Hong Kong allows hamster pet stores to resume business after COVID cull
Reuters
January 30, 2022 10:38 MYT
January 30, 2022 10:38 MYT
HONG KONG: Dozens of pet stores that sold hamsters in Hong Kong may resume business from Sunday, Hong Kong's government said, after being shuttered last week and thousands culled over coronavirus fears.
Authorities enraged pet lovers with an order to cull more than 2,200 hamsters after tracing an outbreak to a worker in a shop where 11 hamsters tested positive. Imported hamsters from Holland into the Chinese territory had been cited as the source. All hamster imports remain banned.
The city's Agriculture, Fisheries and Conservation Department said in a statement late on Saturday that it collected 1,134 samples from animals other than hamsters including rabbits and chinchillas, which were all negative.
Five stores, including the "Little Boss" pet shop, which started the outbreak, remained shuttered as they had not yet "passed the virus test," the government said.

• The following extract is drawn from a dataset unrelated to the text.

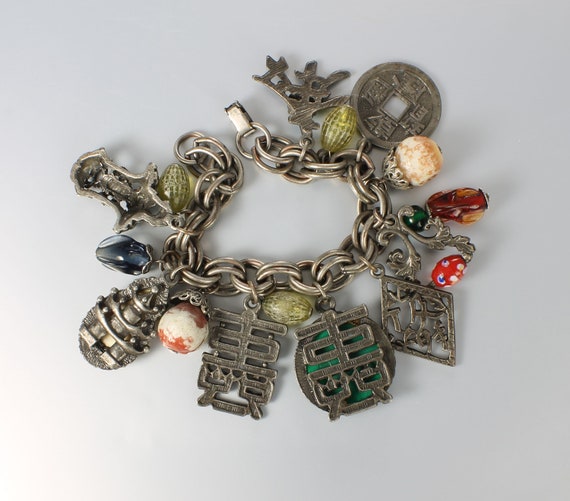 Asian Chinese Charm character Bracelet 1960s jewe… - image 2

"All the other concerned pet shops on the other hand have been thoroughly disinfected and cleaned and the environmental swabs collected from these shops have all passed the COVID-19 virus test," it said.
The government said on Friday it would compensate pet shops trading in hamsters, offering a one-off payment of up to HK$30,000 (US$3,850).
People who had in recent weeks bought hamsters - popular apartment pets in the congested city - were ordered to surrender them for testing and what the government described as "humane dispatch".
Thousands of people offered to adopt unwanted hamsters amid a public outcry against the government and its pandemic advisers, which authorities called irrational.
A study published in The Lancet medical journal, which has not yet been peer reviewed, said Hong Kong researchers have found evidence that pet hamsters can spread COVID-19 and linked the animals to human infections in the city.
However, the economic and psychological tolls from Hong Kong's hardline approach to curbing the virus are rapidly rising, residents say, with measures becoming more draconian than those first enforced in 2020.